The respect Hearty accords Kernan is obvious whenever he speaks of his manager. This is Hearty’s ninth year working with the big man with the midas touch and each year he finds another quality in Kernan to admire.

“The man is a legend. Right from Crossmaglen through, he has this thing about him, this aura, that just seems to get the best out of players.

“When you work under Joe, you respond to him. And nobody reads a game like Joe. You see how he operates on a side-line, he sees things on the pitch almost before they happen.

“Looking at a game, you or I might think a defender is going okay, keeping his marker quiet, but Joe senses there might be trouble coming and switches men.

“Things like that just prove what a footballing brain he has. He was the final piece of the jigsaw in Armagh, after working with him in Cross, I thought the county needed him to step over that line.

“And so it proved. Whatever wee bit extra we need to give ourselves an edge, Joe makes sure we get it.”

It has been a strange year for Hearty to become an acceptable piece in this Armagh puzzle. Clones in May was one of the most forgettable experiences of his goal-keeping career, despite acquitting himself rather well for a championship debut.

That torrid afternoon, though, tore asunder all the admiration Armagh have wrought the previous September.

Overlooked were the injuries and the absent players.

Instead, a perception settled in the public mind that this Armagh side were weak All-Ireland champions.

Hearty and his team-mates have spent the rest of the summer disproving that theory.
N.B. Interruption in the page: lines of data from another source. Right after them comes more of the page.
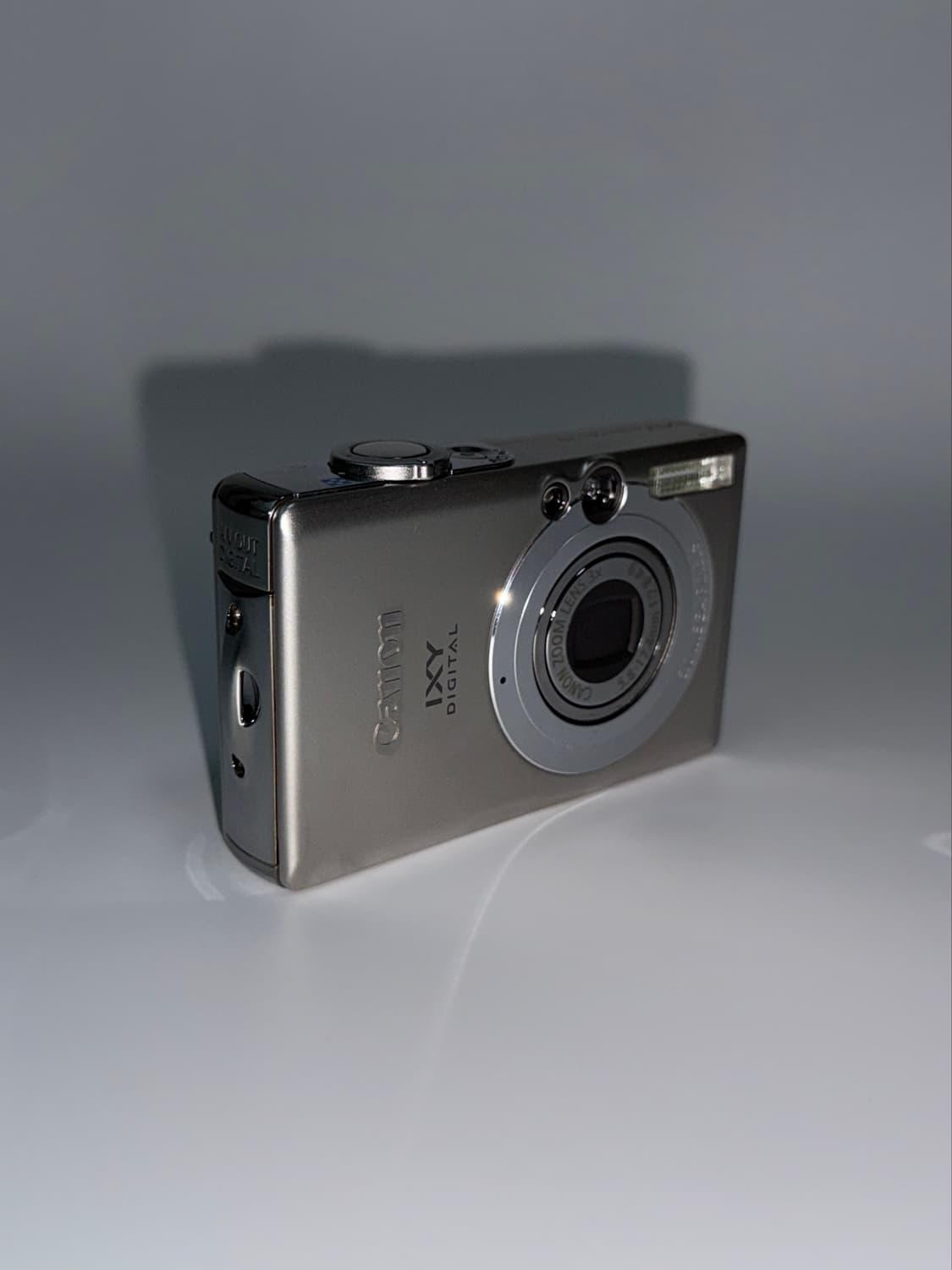[풀구성미품!] 캐논 익시 ixy70 (익서스 ixus60) 실버 디카 상품이미지3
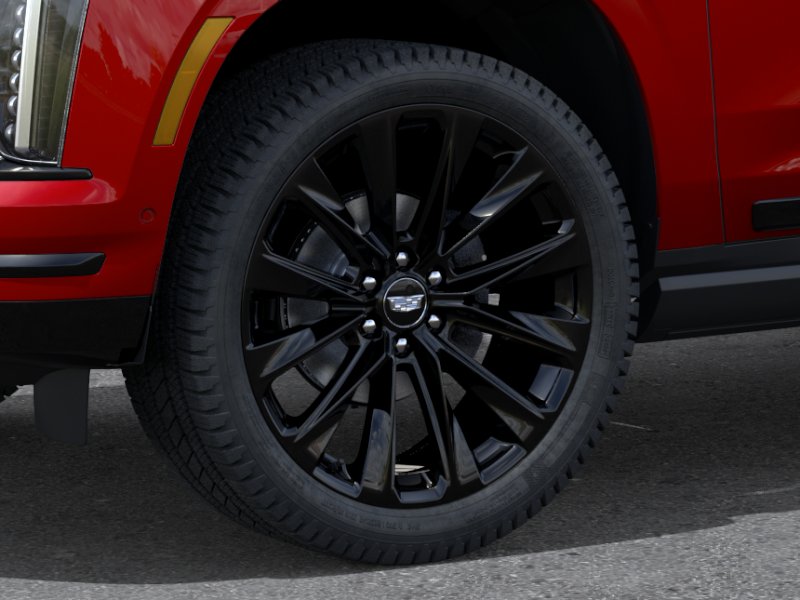 2026 Cadillac Escalade Platinum Sport - Photo 9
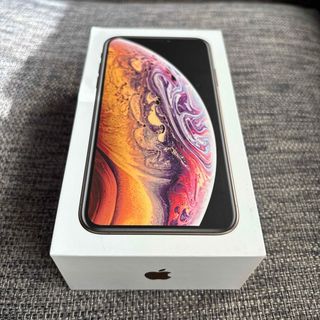 アイフォーン(iPhone)の専用iPhone XS 64GB 超美品 極美品 SIMフリー(スマートフォン本体)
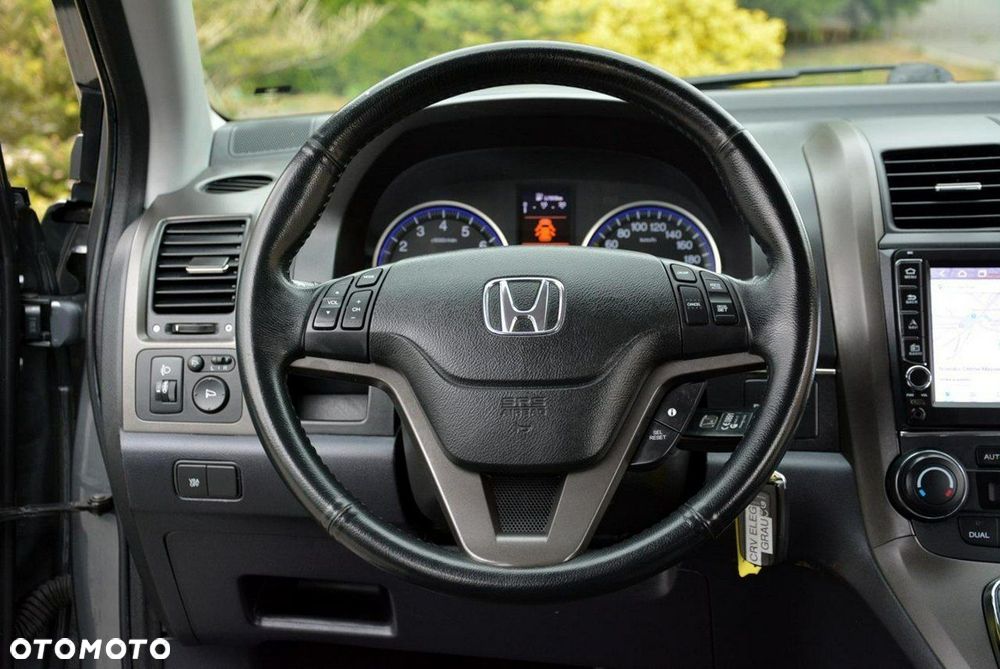 Honda CR-V 2.0i-VTEC Elegance - 21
“Who can explain what happened against Monaghan. It was a disappointing day. I remember Big Joe coming on the bus, we were all sitting there with our heads down, nobody saying a word.

“And Joe didn’t speak, he just let us all brood. I don’t know what happened that day, it wasn’t a case of under-estimating Monaghan or anything. We just didn’t play.”

Somewhere in the silence of that short bus journey home, the seeds of belief for the rest of the summer were planted.

“We knew we were capable of so much more and we knew too that we couldn’t be that bad. To only score nine points in 70 minutes of football, it was terrible.”

Hearty said things didn’t start going right until the second half against Dublin. Working in Malahide, he had heard all week about how their All-Ireland reign was coming to an end. And for a long time in Croker that Saturday evening, he feared his colleagues were right.

“In the first-half, we were crap. We really were. But, I think it dawned on us that we could be losing our All-Ireland title here and that caused the turnaround.

“For 20 or 25 minutes of that second-half, we played some of the best football we ever have.”

Since then, it has been a roller-coaster ride. Laois threatened, but Armagh kept its ship on a steady course.

NOW, it is Donegal in what promises to be a passionate Ulster derby, despite the venue. “Yeah, it is going to be a Clones match in a different venue.

“Donegal have been a little bit like ourselves, they have just kept improving since being knocked out of Ulster. They are getting better with every game and Sunday is going to be a real battle. I wouldn’t like to be betting on it.”

In Armagh, they have become good at gambling. Two new championship faces in the rearguard this summer and still, their goal hasn’t been broached.

Commanded by Paul Hearty, that record looks in safe hands.